Rebates to home owners for geothermal seems like a better place to spend our tax money that wind and solar "farms" where the power must be transported and partly wasted on a grid. Same is true for electric cars. Why give someone buying an electric car a $14,000 rebate when an efficient home heating system gets a pittance, if anything. 

Our own home is 100% heated by a heat pump system. But it is air based so only reduces energy usage by about 50%. A ground based (geothermal) system would be twice as good as our air based system (would on average reduce heating energy usage to about 25%)
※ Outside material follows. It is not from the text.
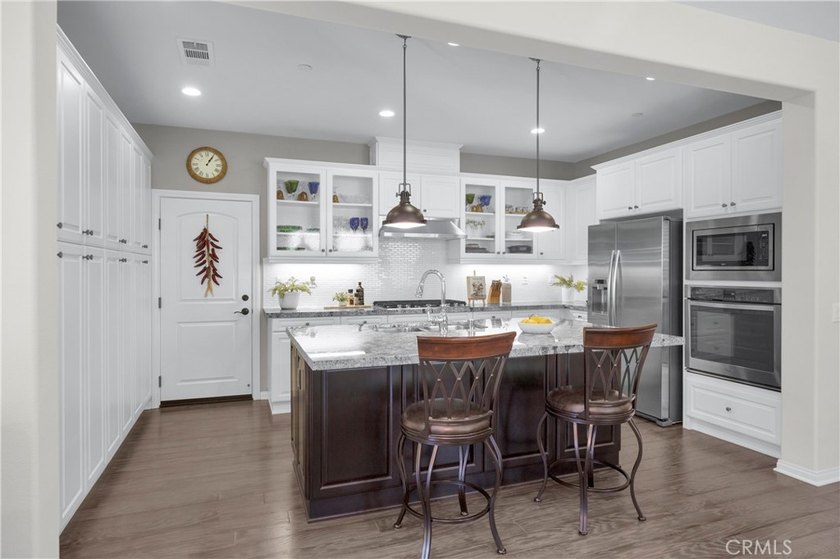 Single story living with a 2nd floor loft and powder bath, make - photo 6
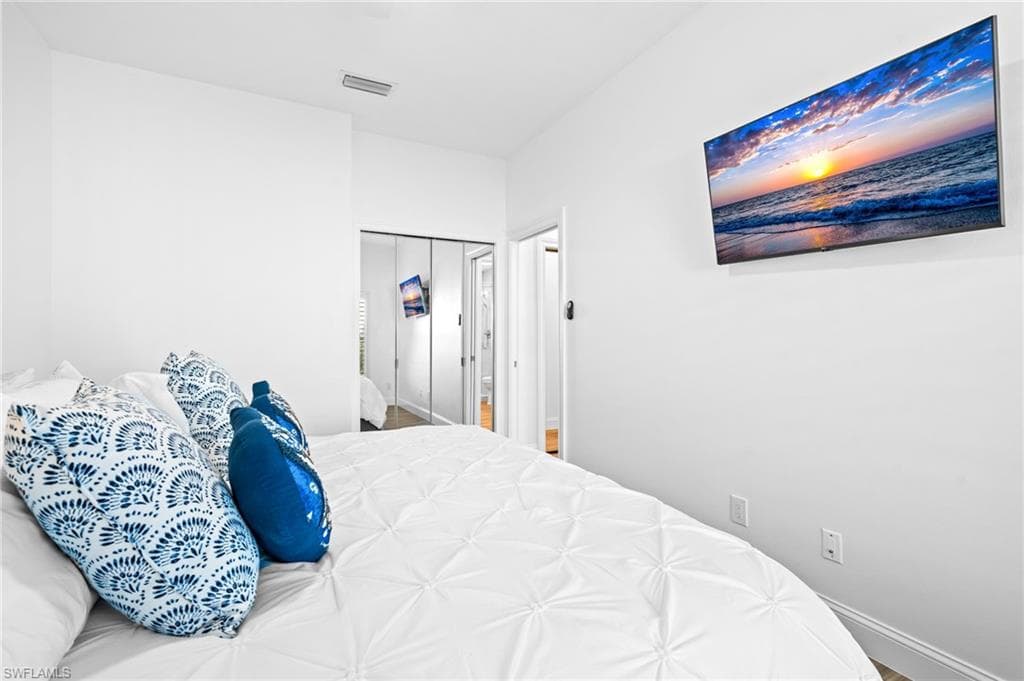 7018 Lone Oak BLVD, NAPLES FL 34109-15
Geothermal Heat pumps do still consume electricity. Eventually, I suppose we also need to decentralize power production. For example, solar roofs on or homes. Or at least district systems. Why build a windfarm on, say Wolfe or Amherst Island, then feed the power produced into a grid, instead of using that power locally and avoiding transmission losses?


----------



## Eder (Feb 16, 2011)

Heat pumps are lol when its cold out...best if its 40 Fahrenheit or above.If your home has natural gas, your supplemental heat probably comes from a gas furnace that jumps in to help out when your heat pump is struggling.
In Canada you can shell out for a furnace & a heat pump, or just a high efficiency nat gas furnace which really is the nuts..(unless you are eastern creeps & bums...then just freeze in the dark please! haha)


----------



## agent99 (Sep 11, 2013)

Eder said:


> Heat pumps are lol when its cold out...best if its 40 Fahrenheit or above.If your home has natural gas, your supplemental heat probably comes from a gas furnace that jumps in to help out when your heat pump is struggling.
> In Canada you can shell out for a furnace & a heat pump, or just a high efficiency nat gas furnace which really is the nuts..(unless you are eatern creeps & bums...then just freeze in the dark please! haha)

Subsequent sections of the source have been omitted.